6. ... It does not mean that every fact - every piece of evidence - relied upon to prove an element by inference must itself be proved beyond reasonable doubt. ...
11. ... An inference of guilt may properly be drawn although any particular primary fact, or any concatenation of primary facts falling short of the whole, would be insufficient to exclude other inferences. It follows that the insufficiency of a piece of evidence to support an inference of guilt does not by itself warrant the setting aside of a verdict of guilty if that piece of evidence, however important, is but a part of the whole body of evidence available to support the inference.” [6]

  1. To convict, the inference of guilt must be the only inference that is reasonably open on all the primary facts, established to the requisite standard of proof: De Gruchy, ibid, at [48]. It is necessary before drawing the inference of the accused’s guilt from circumstantial evidence to be sure that there are no other co-existing circumstances which would weaken or destroy the inference: Teper v The Queen [1952] AC 480.
  2. Insofar as the Crown here pointed to what it regarded as inconsistencies in the accused’s accounts to police as evidence of his consciousness of guilt, or an admission against interest, the authorities make plain that such evidence must be approached with caution. The Court must be satisfied, firstly, that upon consideration of the relevant circumstances and events, the impugned evidence constitutes a lie, and secondly, that the lie reveals some knowledge of the offence and that it was told because of a realisation of guilt and a fear of the truth.
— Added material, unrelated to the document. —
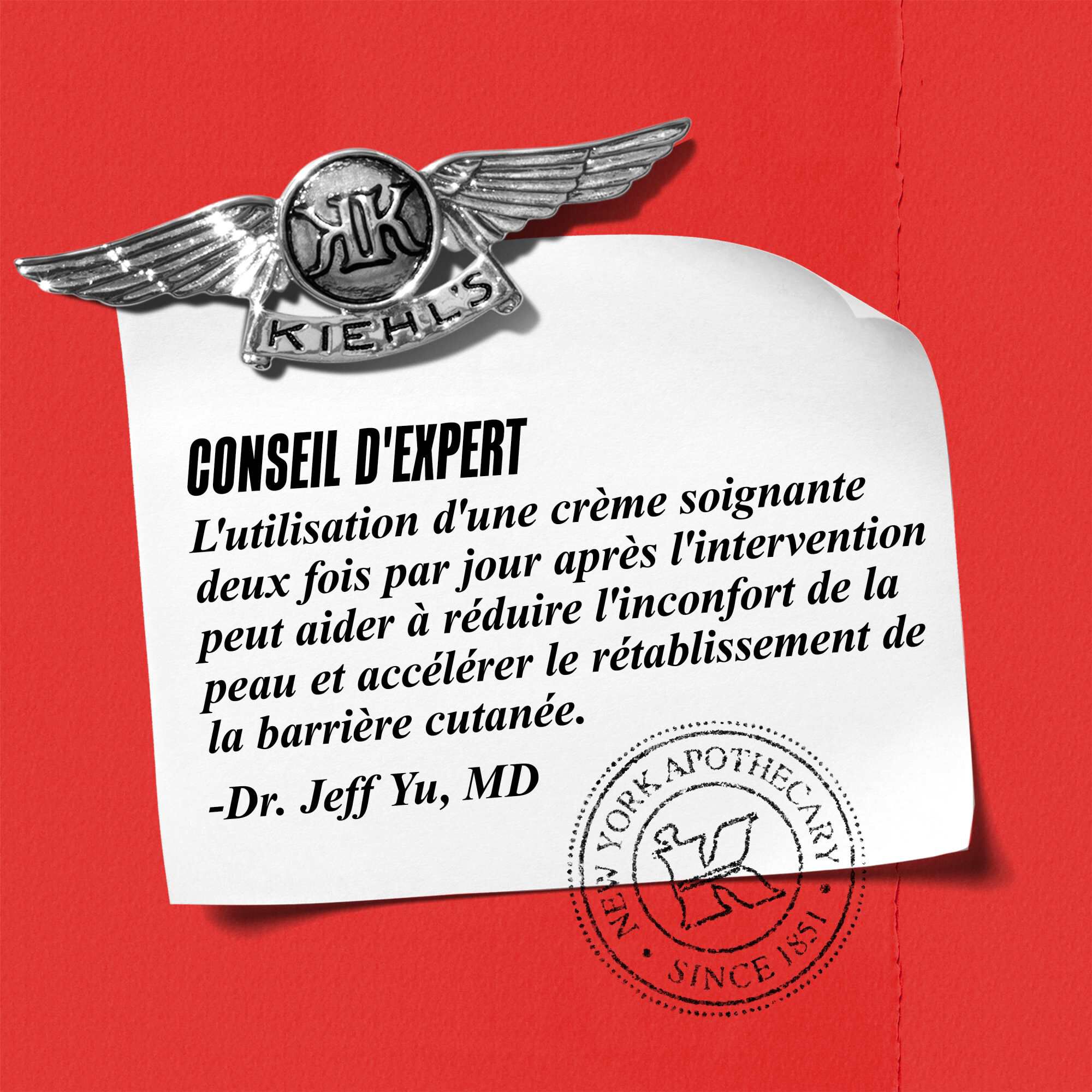Conseil d'expert : L'utilisation d'une creme reparatrice deux fois par jour apres une procedure aide a minimiser l'inconfort cutane et a accelerer la recuperation de la barriere.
The Court must also be mindful that there may be reasons for the telling of a lie apart from the realization of guilt. A lie may be told out of panic, to escape an unjust accusation, to protect some other person or to avoid a consequence extraneous to the offence. If any reason of that kind is accepted as the explanation for the lie, it cannot be regarded as an admission: Edwards v The Queen [1993] HCA 63; (1993) 178 CLR 193, 208, referred to in Xi Yun Qian v Kingdom of Tonga [2020] TOSC 16.
  3. Therefore, in order to determine whether the Crown’s case, as a whole, provides a sufficient basis for an inference that supports a finding of guilt beyond reasonable doubt, I make the following assessments of the relevant evidence.
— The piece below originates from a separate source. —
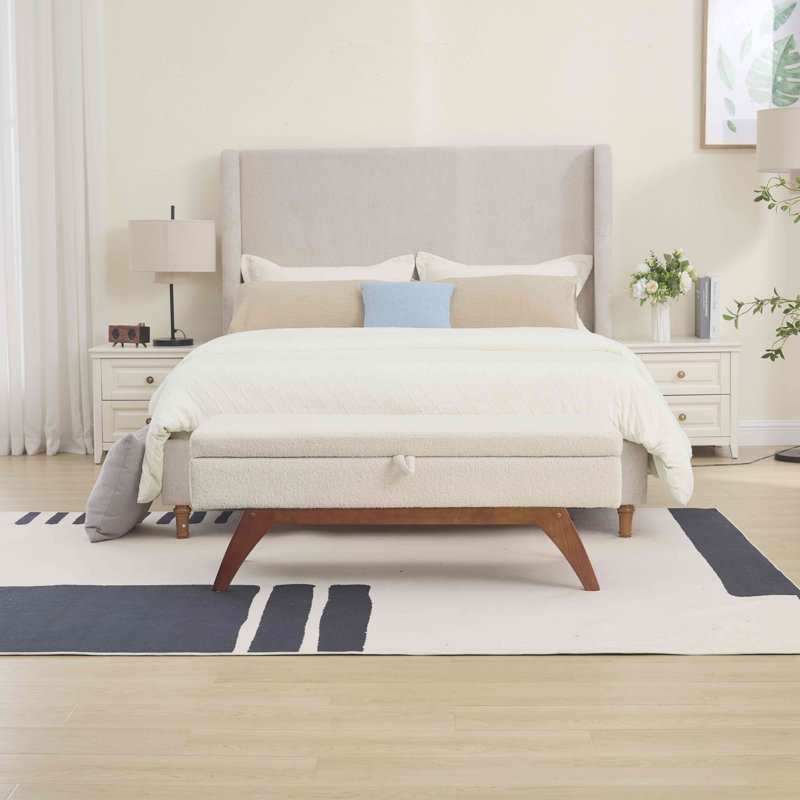 Rectangle Storage OttomanStorage Ottoman ,Ottoman with Storage, Foot Stool ,Foot Rest , Beige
  4. My first overarching observation is that the evidence of all the events on the night in question occurred during a period of less than about eight hours. That is, there is a close temporal connection between them.

Count 1

  1. Turning then to count 1. For my part, there was direct evidence in support of count 1. My acceptance of Sulieti’s evidence means that I accept that the accused gave her a $50 note for the fuel at the petrol station. It also means that I accept her evidence that the note was almost immediately recognised as fake. That was confirmed when she was shown exhibit P5.1. It follows that I do not accept the accused’s account to police in his first interview that he paid $30 for the fuel, using a $20 and $10 note. Support for that view is found least of all in the lack of any demonstrated motive for Sulieti to lie or any basis for her to even be mistaken about her evidence. Moreover though, the main difference was the vagueness of the accused’s account where he first referred to using a $30 note (which of course does not exist) compared to Sulieti’s detailed account of the $50 note being carefully taken by the accused from a bundle of $50 notes which he took out of a black bag. That level of detail from a witness with nothing to gain (or lose) from fabricating evidence was compelling.
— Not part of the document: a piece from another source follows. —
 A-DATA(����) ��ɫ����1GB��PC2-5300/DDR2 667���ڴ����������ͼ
  2. However, the real issue on count 1 was elucidated by Mr Moale when cross examining Sulieti, and then developed in closing submissions, when he detected a difference in her account as to how the $50 note she retained from the accused found its way to the police compared to Detective Fifita’s account. Further, Mr Moale quite naturally drew attention to the fact that the Reserve Bank report described the $50 note from the petrol station having been deposited in the BSP Bank, whereas Sulieti’s evidence was that there was only the one fake $50 note, which she did not bank, but instead gave to Detective Fifita. His evidence was that he received it as part of the paperwork from Sulieti’s initial complaint.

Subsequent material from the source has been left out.